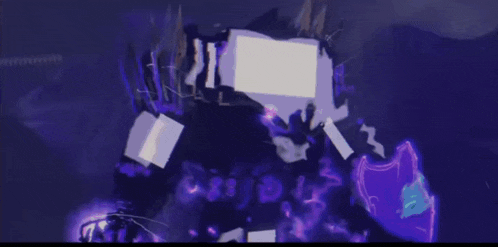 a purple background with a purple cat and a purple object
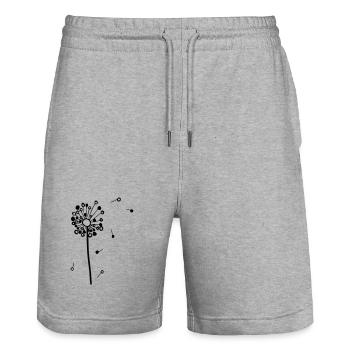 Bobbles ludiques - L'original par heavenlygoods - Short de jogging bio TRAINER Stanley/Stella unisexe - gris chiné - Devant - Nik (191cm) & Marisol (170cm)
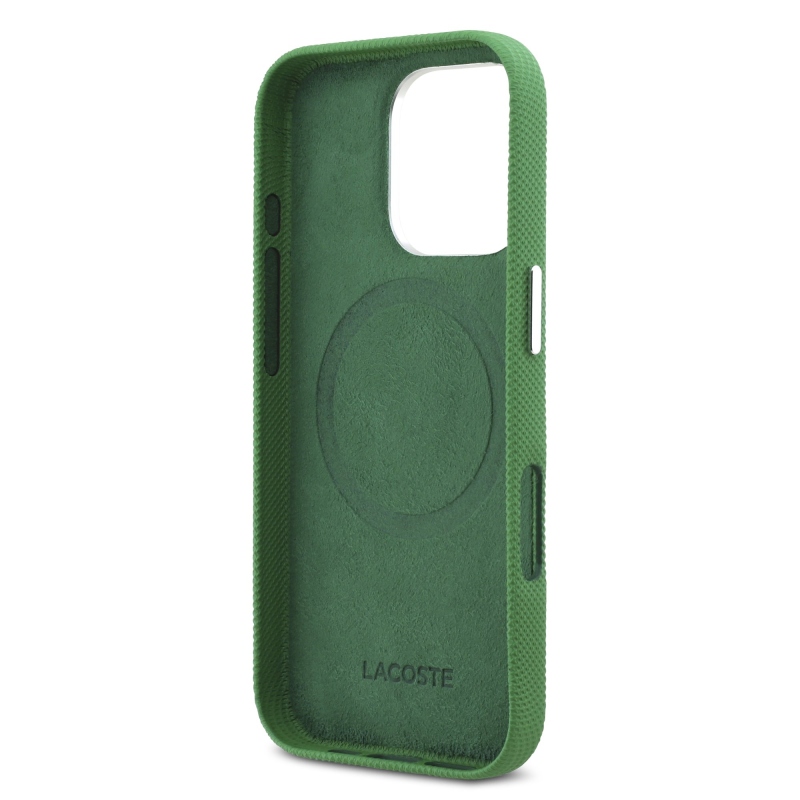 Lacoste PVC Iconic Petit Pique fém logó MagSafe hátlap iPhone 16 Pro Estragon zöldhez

•••••

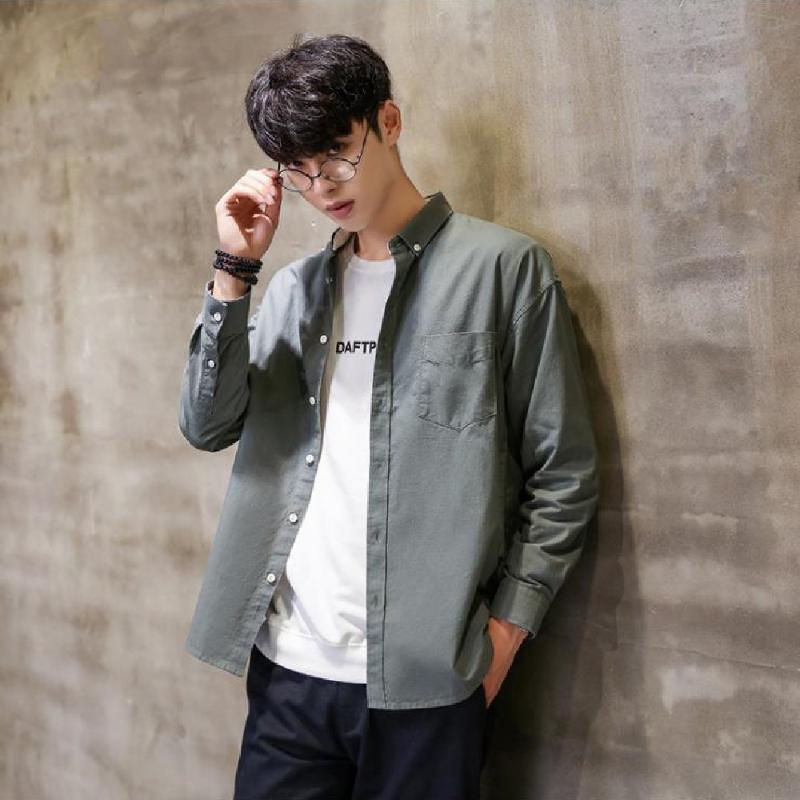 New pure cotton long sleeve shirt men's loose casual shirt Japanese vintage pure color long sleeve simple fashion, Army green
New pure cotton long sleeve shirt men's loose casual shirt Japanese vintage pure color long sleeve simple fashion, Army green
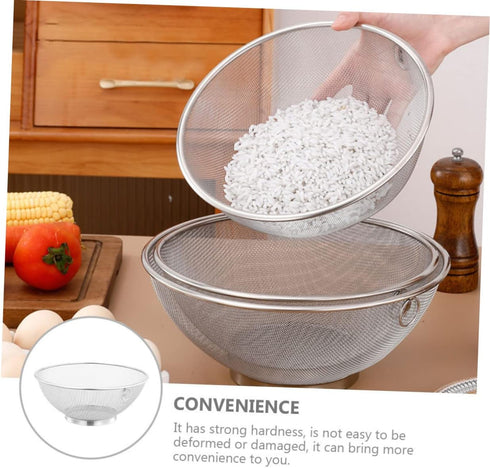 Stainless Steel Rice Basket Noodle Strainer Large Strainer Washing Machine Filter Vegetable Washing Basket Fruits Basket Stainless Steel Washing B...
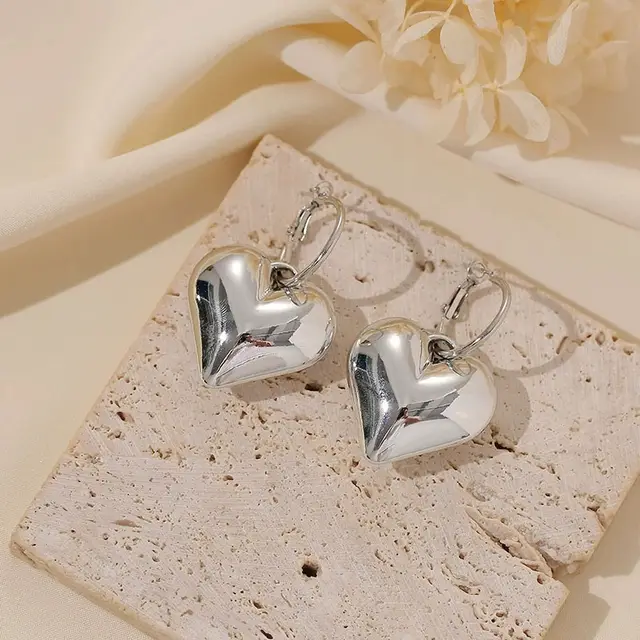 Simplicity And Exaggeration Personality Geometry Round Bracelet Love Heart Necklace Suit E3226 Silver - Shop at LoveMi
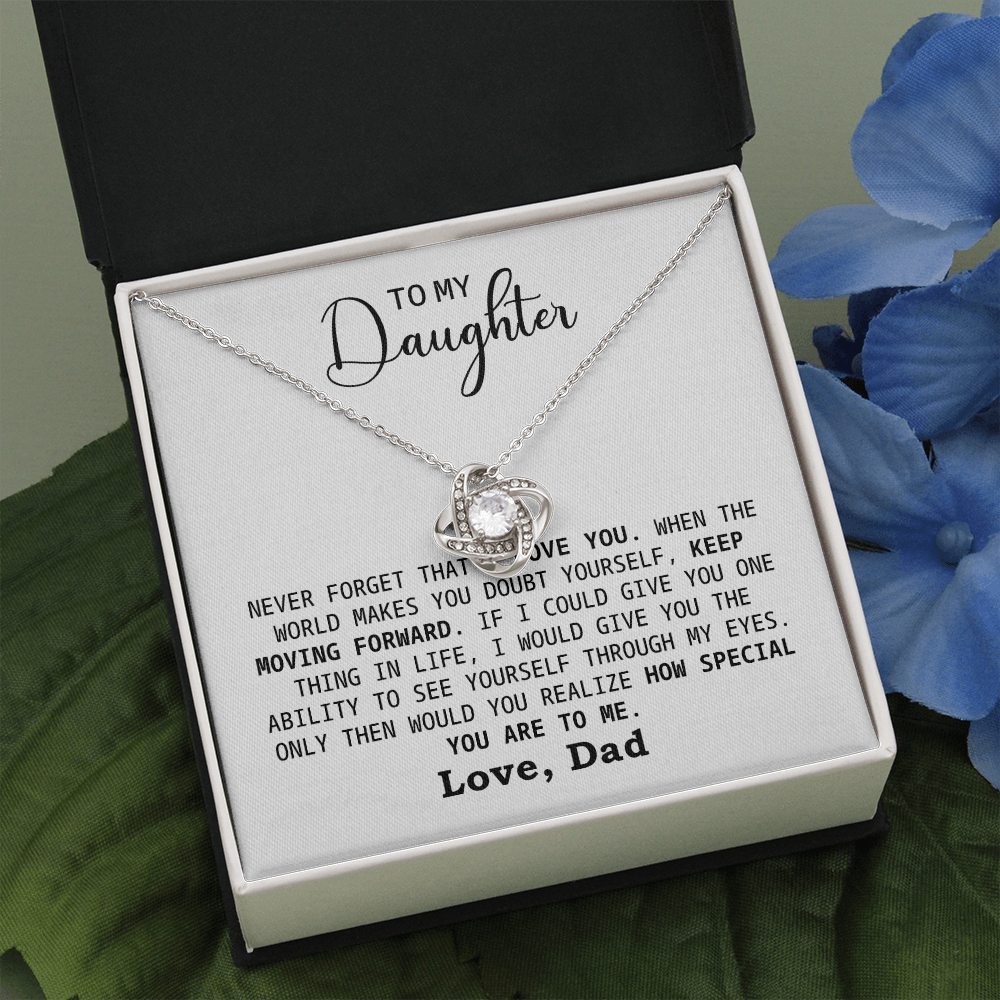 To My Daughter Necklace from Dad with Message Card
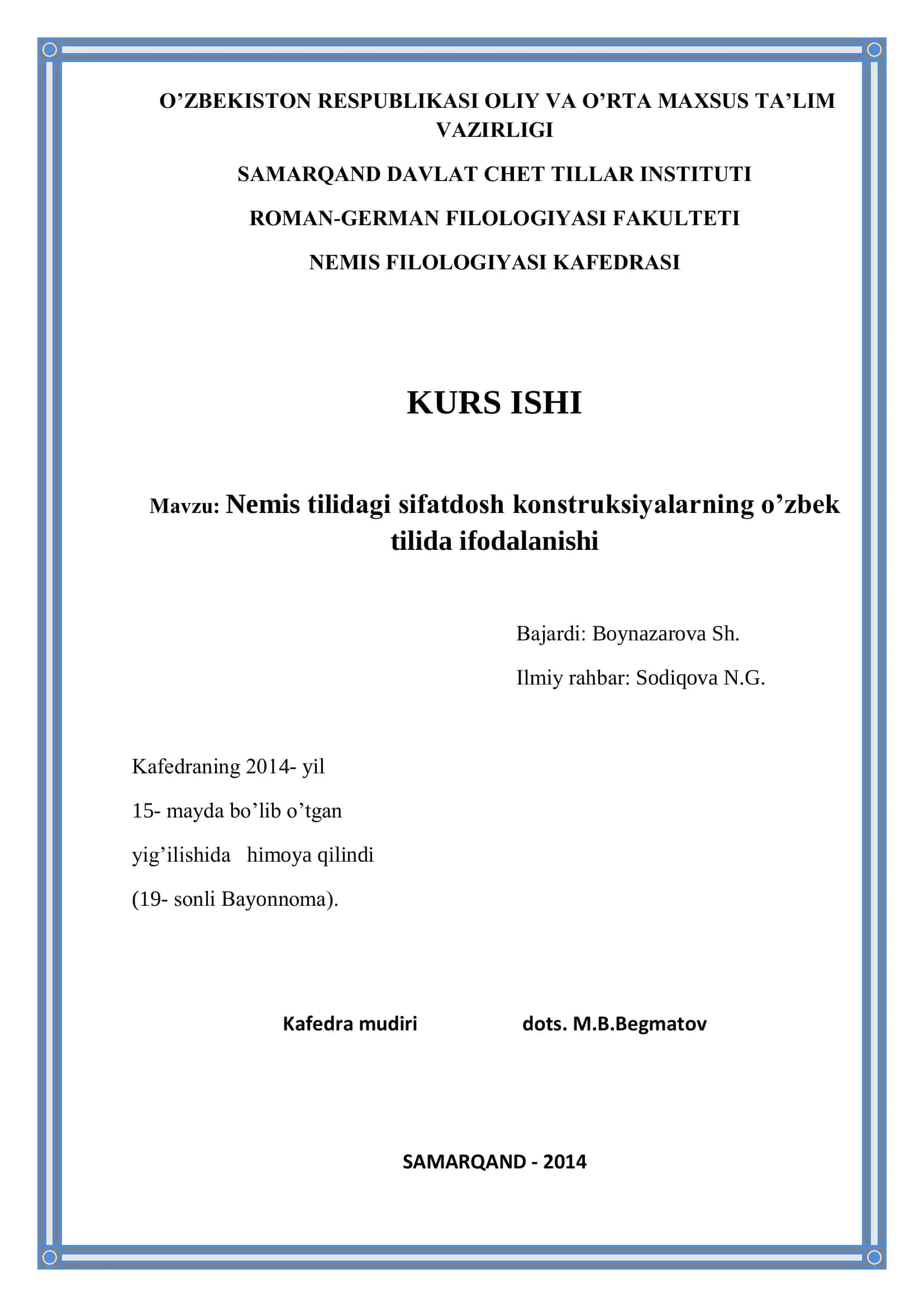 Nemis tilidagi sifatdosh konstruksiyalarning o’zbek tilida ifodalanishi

•••••

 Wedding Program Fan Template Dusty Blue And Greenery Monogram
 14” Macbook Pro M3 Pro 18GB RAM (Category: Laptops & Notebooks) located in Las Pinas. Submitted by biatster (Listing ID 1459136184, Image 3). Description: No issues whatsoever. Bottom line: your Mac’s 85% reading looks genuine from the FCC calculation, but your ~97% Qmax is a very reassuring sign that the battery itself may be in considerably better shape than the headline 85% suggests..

•••••

When you reach the line containing "Wedding Program Fan" in the data above, start copying exactly, and stop after the line containing "headline 85% suggests..".

 Wedding Program Fan Template Dusty Blue And Greenery Monogram
 14” Macbook Pro M3 Pro 18GB RAM (Category: Laptops & Notebooks) located in Las Pinas. Submitted by biatster (Listing ID 1459136184, Image 3). Description: No issues whatsoever. Bottom line: your Mac’s 85% reading looks genuine from the FCC calculation, but your ~97% Qmax is a very reassuring sign that the battery itself may be in considerably better shape than the headline 85% suggests..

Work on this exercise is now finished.